Every learning designer has their own set of strategies they use when crafting learning experiences. As an enthusiastic Learning Designer, I’m constantly absorbing industry best practices and on the lookout for new creative ways of helping people learn more and better. I pick up some principles from the learning design community (for example, the book Design for How People Learn by Julie Dirksen), and others I develop through my own design experiences, challenges, and successes.
Below, I have included my favorite strategies to address what I believe is arguably the most important design consideration we need to have in mind when designing meaningful learning experiences: Lesson Structure.
1. Capitalize on Natural Human Curiosity
Make the first 10 minutes of your film truly great, and the audience will likely watch the film to the end with interest. Fail to grab the audience’s attention within these first 10 minutes, and you’re more likely to lose your audience completely.
I like to think that the same analogy applies to learning. I keep that in mind when I design, and always make a concerted effort to capture the learner’s attention very early on in the learning experience. Here’s my process:
Start with a hook
The hook provides an overview, motivates the student, and doesn’t require a lot of prior knowledge. For example, this interactive article from TheUpshot about Intergenerational Mobility in the United States doesn’t require any upfront knowledge about American sociology. The hook gets students’ attention, and it also allows students to begin developing, and then share, their personal mental models of the issue at hand.
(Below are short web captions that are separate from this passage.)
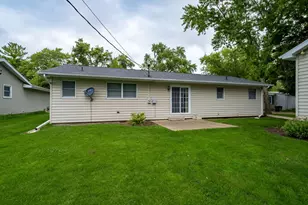 704 E North St, Pontiac, IL 61764 - Photo 29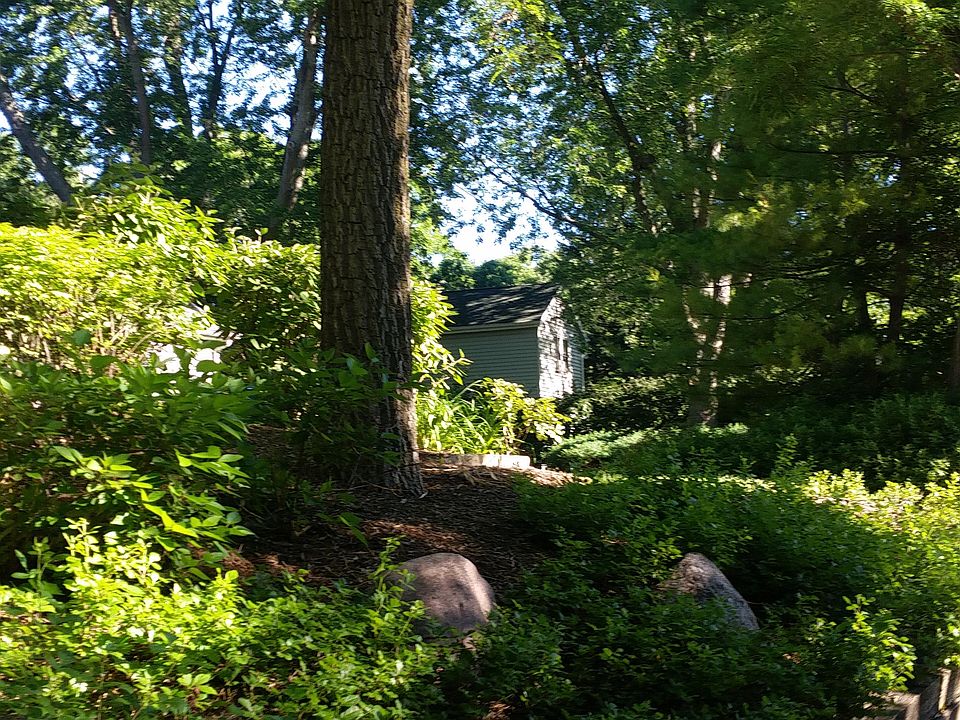 2nd image of 646 E Hillside Ave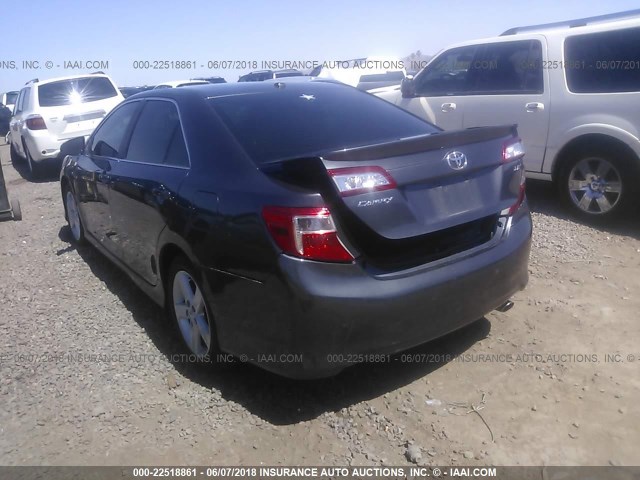 4T1BF1FK0CU610348 - 2012 TOYOTA CAMRY SE/LE/XLE 灰色 照片 3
Include varied learning environments
We want students to form a deeper understanding of concepts by interacting with content in several different “learning environments”, i.e. the way in which they’re learning. By embedding a variety of challenges or problems into lessons or modules, we can spark longer-lasting interest and increase engagement.
Challenges you include could be:
- Implicit: Let students play within an environment, build something, test it, break it, and do it over and over again until they understand the underlying concepts. Give learners room to “play” with what they’re learning.
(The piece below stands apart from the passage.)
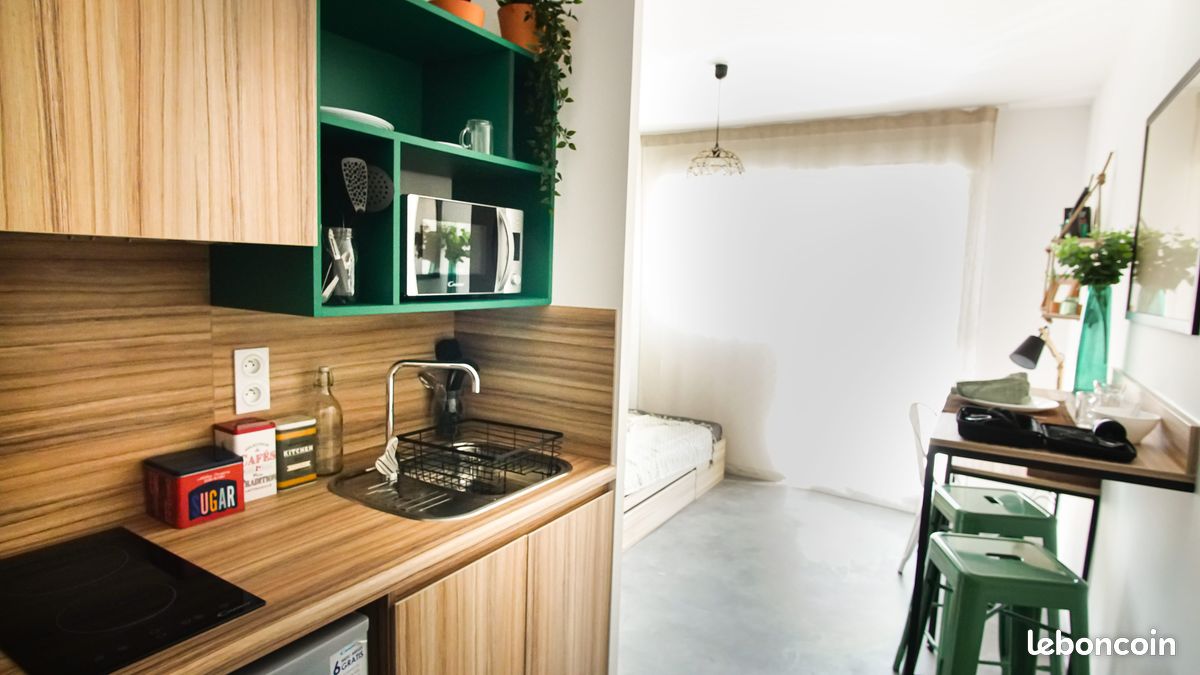 Appartement 1 pièce 18 m² · à Nîmes · 18 m² · 610 €/mois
- Explicit: Students can’t progress unless they have fulfilled a specific task given to them, e.g. playing a game, solving a problem, earning a certain number of points, etc.
The ultimate secret is to get students so engaged with what they’re doing in the lesson that they learn and internalize new information naturally. This is why some instructors really appreciate gamified learning environments — it’s a way to encourage excited participation by engaging the natural instinct to win.
End with a challenge
One way to end a lesson on a high note is to design the ending so that it makes use of knowledge that was just acquired by students during the learning experience. In other words, the final exercise should be something the learner wouldn’t have been able to fully appreciate just hours ago. For example, this Earth courseware from the Smart Science Initiative ends with an interactive simulation about global warming that students can only fully understand once they’ve learned about the driving forces behind it in the lessons.
2. Start Small, Build Big
A learning experience should be envisaged as a story with a natural progression. Related concepts need to be introduced in a way that makes sense and serves the defined learning objectives. Learning designers should think about the overall learning experience as a carefully crafted series of learning sequences (i.e. a succession of informational and activity screens that focus on a specific learning point).
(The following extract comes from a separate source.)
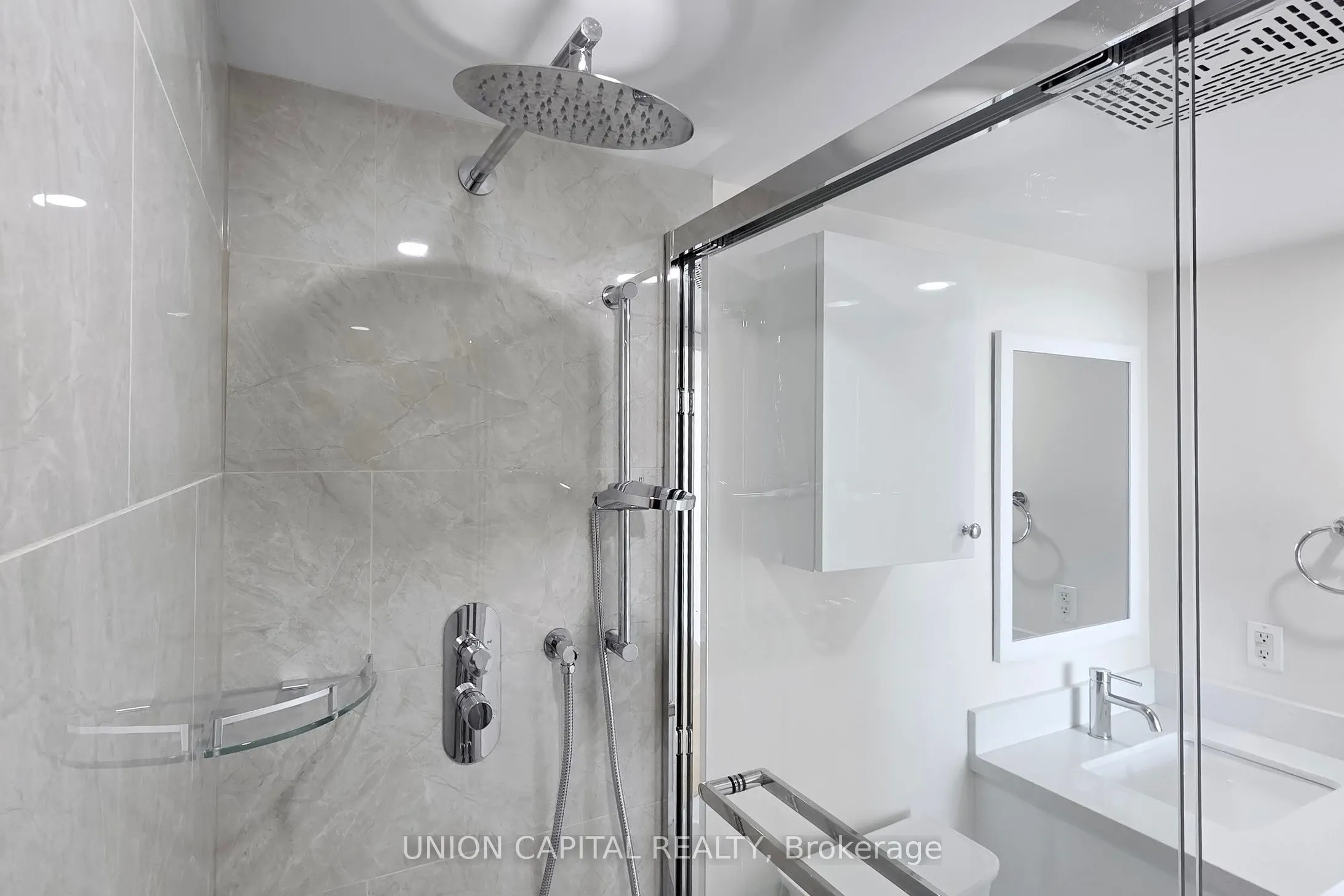 509 Beecroft Road, #1609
Consider starting a lesson by feeding students simple concepts and then increasing the complexity as you go. Specifically when explaining complex concepts such as systems, models, or networks of causes and effects, learning designers should break up lessons into smaller learning chunks. By creating more digestible and flexible learning blocks, you can teach unique concepts in isolation and then later combine them to create larger, more meaningful connections.
This design pattern is very common, even often used in the video game industry. For example, in Super Mario 3D World’s level design,
they teach players how to use moves or defeat challenges small step at a time, and then slowly add more complexities, step by step, to make more complex moves or challenges. For example, they could teach you this sequence:
- A button: Teach “jumping” in isolation
- B button: Teach “punching” in isolation
- A+B button: Teaches you to jump and punch at the same time.
- C button: Teach “climbing” in isolation
- A+C button: Teaches you to jump on a rock and climb it.
3. Tell, Show, Do, Apply
The Tell, Show, Do, Apply strategy is fairly self-explanatory. The first half is on the instructor: learners are told the important information related to a concept, and then shown examples. The second half is on the student: they perform an action to model the examples they were shown (while getting feedback from the instructor), and then apply what they’ve learned in a real-world (or simulated) environment on their own.
In this Impulse Momentum simulation, students literally get to simulate car crashes. They can pick the vehicle’s mass, size, and velocity, which are key factors when estimating damage to the vehicles and the driver. This specific simulation is used in an adaptive tutorial that started by covering (tell, show) the principles of impulse and momentum. The sim then gives students an opportunity to interact with the concepts (do, apply) they just learned firsthand; and if they play enough times, they begin to internalize the underlying dynamics at play and form longer-lasting connections.
4. Author-Guided, Player-Driven
An actor can perform lines of a play in their own unique style, but the playwright still guides the plot. A sailboat can sail anywhere it likes, but it must still follow the whims of the wind and the river. In both situations, there is a sense of freedom and discovery — which we can model in learning experiences.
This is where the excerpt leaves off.